Then there was a blaze of torches in the forest, the dogs burst into a wild chorus of yelping and baying, and out of the dark they came, the whole company of them. Every man was keeping step to the splendid new song that the Alo Man led. Each one marched into the open circle of firelight, flung down his pack, and began to tell the news to his own family and ask for something to eat as soon as it could possibly be had.

They were all glad—the whole village—to see the Alo Man, and he was just as glad to see them. His white teeth flashed and his eyes shone as he greeted one old friend after another, and asked and answered questions as fast as his tongue would go. Cooking pots were hustled off the fire and good things ladled out, and soon the feasting and laughter and story-telling and singing of the Alo Man’s visit had fairly begun.

CHAPTER II

THE STRING OF BEADS

There was great chattering in the village over the unloading of the packs with the various wares brought from the market. The marketing arrangements of wild Africa are very curious. There are four days in a Congo week,—Konzo, Nkenge, Nsona, and Nkandu,—and on at least one of the four days a market is held somewhere near every important village. All markets held on Konzo are called Konzo markets, those held on Nkenge are called Nkenge markets, and so on.
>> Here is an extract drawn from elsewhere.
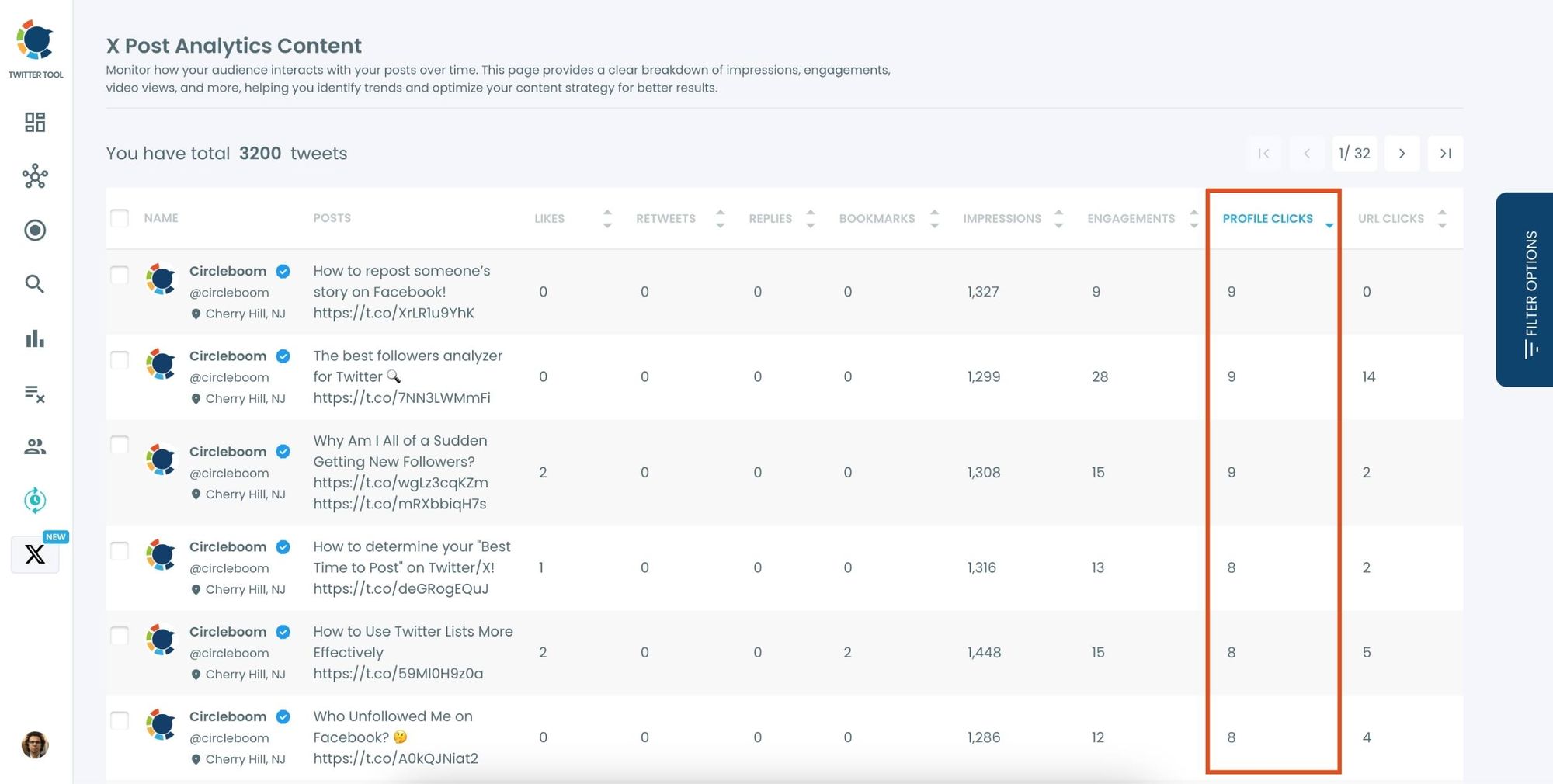 Sort by Profile Clicks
Each of the four kinds of markets is in a different place, but there is one of the four within five miles of every town. In the village where Mpoko and Nkunda lived, the people had to go four miles to the Konzo market, nine to the Nkenge market, sixteen to the Nsona and twenty to the Nkandu, but this last market was quite near the next village downstream.

Some of these markets were noted for certain goods. Mpoko’s mother could always depend on pigs being on sale at the Nkenge market, and whoever had a pig to sell would be likely to take it there. At the Konzo market, four miles away, were good pots, calabashes, and saucepans, some of which were made by women in their village, for one of the old grandmothers was rather famous for her pottery. Other markets were known for palm wine, iron work, oil, or some other specialty, and besides these things cassava roots, peanuts, kwanga (native bread), palm oil, beans and other vegetables, grains and fowls were generally sold in all markets.

Besides these markets, larger markets were held occasionally, from one to another of which the traders traveled with things not made in the country. Besides the brass rods, blue beads were sometimes used as a kind of money, a farthing string of a hundred beads being passed from hand to hand; or it might be used to buy food in small quantities, ten or fifteen blue beads three eighths of an inch long and about a quarter of an inch thick being used as small change.

A great deal of produce was simply swapped from one person to another. A man might gather a quantity of some produce like tobacco, rubber, raffia, palm oil, or grain, at one market and another, and take it finally to the great market to exchange for beads, brass, calico, or whatever else he found there. Salt is so rare in some parts of Africa that it is used for money, and a man will work as a porter so many days for so many bags of salt. When the people make salt on the shores of an inland lake, they have to gather the salty sand and wash it out in pots specially made, with little holes in the bottom into which the salt water runs; then the water is dried away over slow fires and the salt scraped off the sides of the kettle. It takes less time and labor to earn salt ready made than to make it in this way. Salt is also made from grass ashes.

The packs of the village men had in them not only salt, but many pieces of gay-colored cloth, beads, and wire. Nkunda felt that hers was the best share of all, when her mother called her to have hung round her neck a string of bright red coral beads. No other little girl had a string half so pretty, Nkunda thought. The more she fingered the little, smooth, scarlet drops of her necklace, the more she admired them.